Ok I just spent some time looking and the stuff in the photo above is Exo Terra Substratum and it isn't leca balls. In the picture above from the marketing material it definitely looks like they left the screen out and don't seem to have a substrate added. They do mention the material is nutrient rich. Looks like they just added moss and stuff but if you watch their videos it shows the real concept. They add a slope with their substratum and put a screen in between a soil layer. The slope helps with the lower front and they even mention it was created lower than before. I do wish the tank was the same height and they had the extra inch. It doesn't need to be as high as the standard 18x18 but at least the 12x12.


----------



## Philsuma (Jul 18, 2006)

slope the bottom with MUCH higher substrate to the rear.


----------



## Lovelyk (Feb 7, 2021)

aapuzzo said:


> Ok I just spent some time looking and the stuff in the photo above is Exo Terra Substratum and it isn't leca balls. In the picture above from the marketing material it definitely looks like they left the screen out and don't seem to have a substrate added. They do mention the material is nutrient rich. Looks like they just added moss and stuff but if you watch their videos it shows the real concept. They add a slope with their substratum and put a screen in between a soil layer. The slope helps with the lower front and they even mention it was created lower than before. I do wish the tank was the same height and they had the extra inch. It doesn't need to be as high as the standard 18x18 but at least the 12x12.

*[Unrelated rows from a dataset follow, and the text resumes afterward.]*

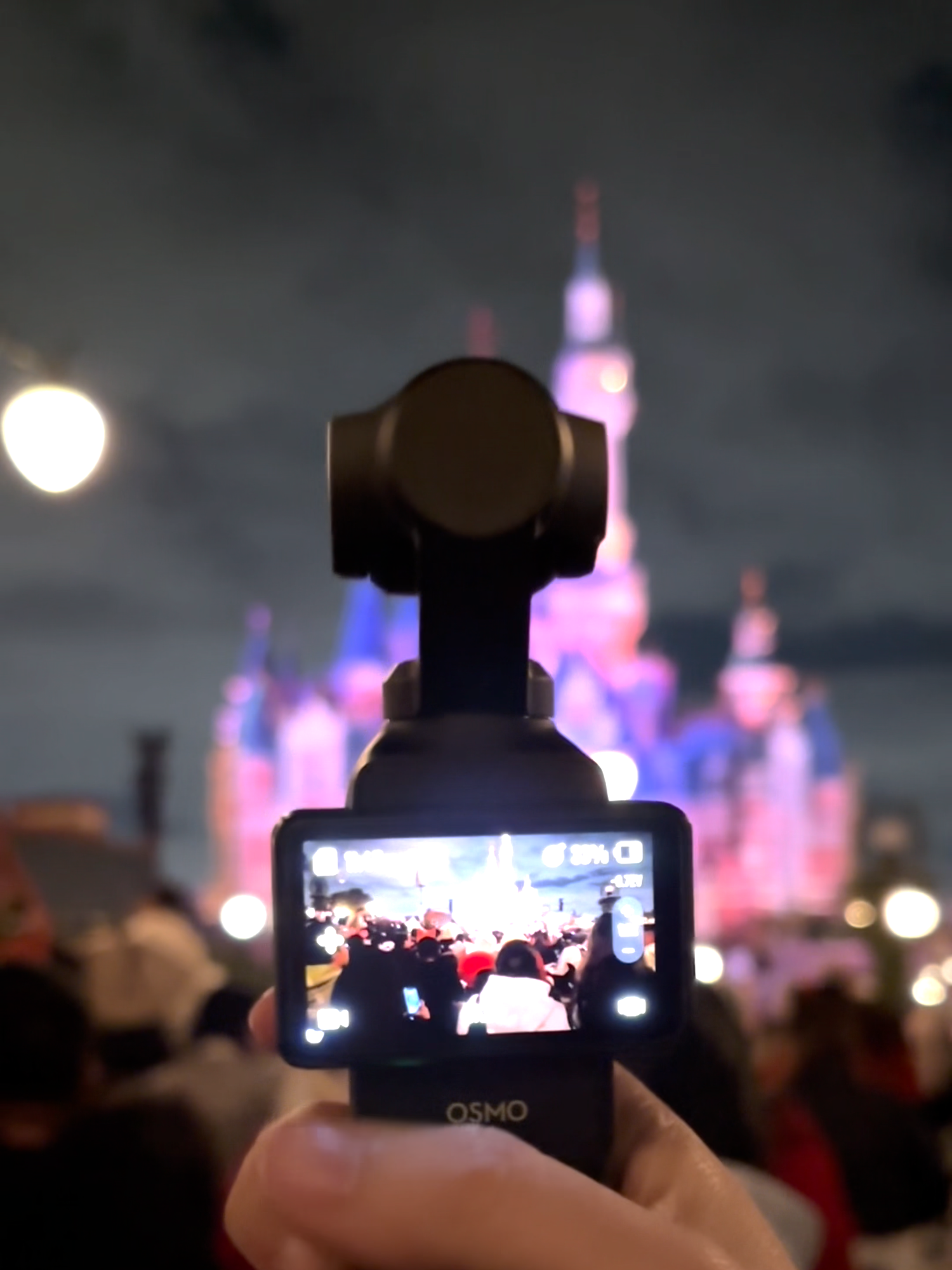Patience pays off—wait for the grand finale in Destiny! 🎇✨ Come enjoy the fireworks with me, captured perfectly on Osmo Pocket 3. 🎥  #OsmoPocket3 #Vlog #vlogcamera #Destiny #Fireworks #Fyp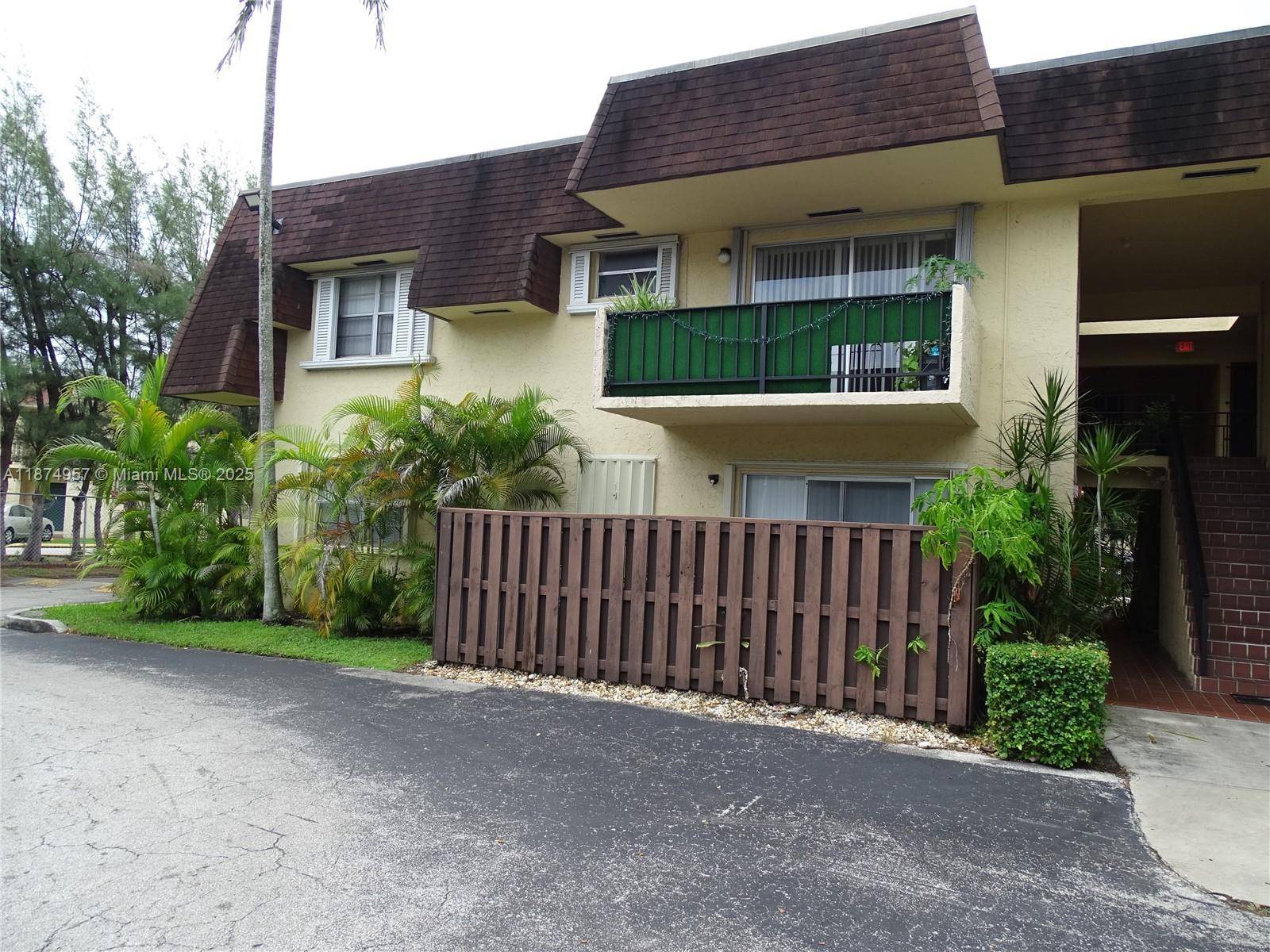 Spacious 2 bedroom, 1 bath apartment located just minutes from The Falls Mall.
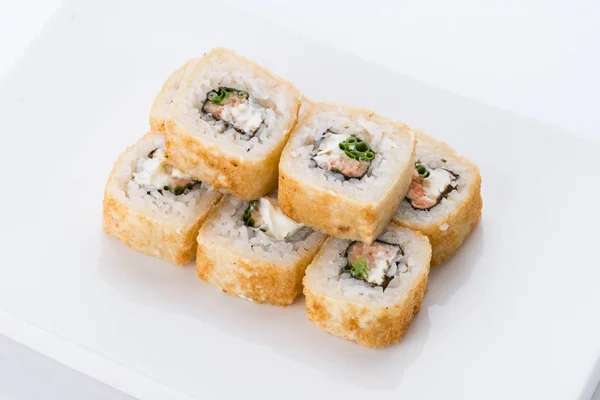 Restaurante de comida japonesa, prato de sushi maki gunkan roll ou platter set. Conjunto de sushi e composição — Fotografia de Stock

I was wondering about that new substrate here, and others’ thoughts suppose that this substratum is basically the Fluval aquarium stuff: Exo Terra Volcanic Substrate


----------



## aapuzzo (Apr 20, 2020)

Lovelyk said:


> I was wondering about that new substrate here, and others’ thoughts suppose that this substratum is basically the Fluval aquarium stuff: Exo Terra Volcanic Substrate







That's what It sounds like. I wonder if it will eventually clog the drain. They are definitely using it under a screen layer here and not in the photo above. Roots will grow through a screen but I wonder if you could really just use this stuff alone. I actually happen to have a bag of fluval stratum I use with my cherry shrimp and it does look like the same thing. I would like to get a bag of the exo terra stuff and compare. If this is the case you can buy fluval at any chain petstore. I can't see Fluval stratum hurting a dart frog if it is aquarium safe. If you can use this all by itself that sure would make life easy however I don't know if that would work as leaves break down. Maybe it would be fine after all since it doesn't hold much water. You might be able to even use the same stuff above and below a screen barrier. Fluval stratum does break down in an aquarium but this won't be even close to the same conditions. They are both volcanic substrates so probably collected by the same volcano in Japan.


----------



## Leoito (Mar 4, 2021)

aapuzzo said:


> The biggest flaw is the bottom spacing below the vent on the 18x18x18 is an inch smaller than that on the old12x12x24. The old 18x18x18 is about double. I only partially understand what they were going for, If you actually use the drain there is no need to have as big of a false bottom. You only need a small layer of leca balls.
> You have to use the drain system because you can't have decent leca layer.
> I think the top still has too much screen and not enough glass but this can be remedied with plastic wrap or cutting a piece of glass and fitting it into the opening in the screen section.
> 
> ...


Not trying to deviate the thread, but I just wanted to compare my experiences with the 24" (really ~23") version of the new Exo Terra line. Firstly, the 24" tall model remedies the bottom spacing dilemma; this difference in vent height between the two (something that's less noticeable or simply not present between the standard Exo Terra vivs) then leads me to believe it's an aesthetic decision on Exo Terra's part. 
Similarly, I haven't had to take advantage of the draining system of the 24" tall model yet because of its deeper glass space below the vent. This may be due in part to the watering regime I take advantage of (hand misting daily), but it certainly helps that my substrate layer can and could be even deeper in the 24" tall.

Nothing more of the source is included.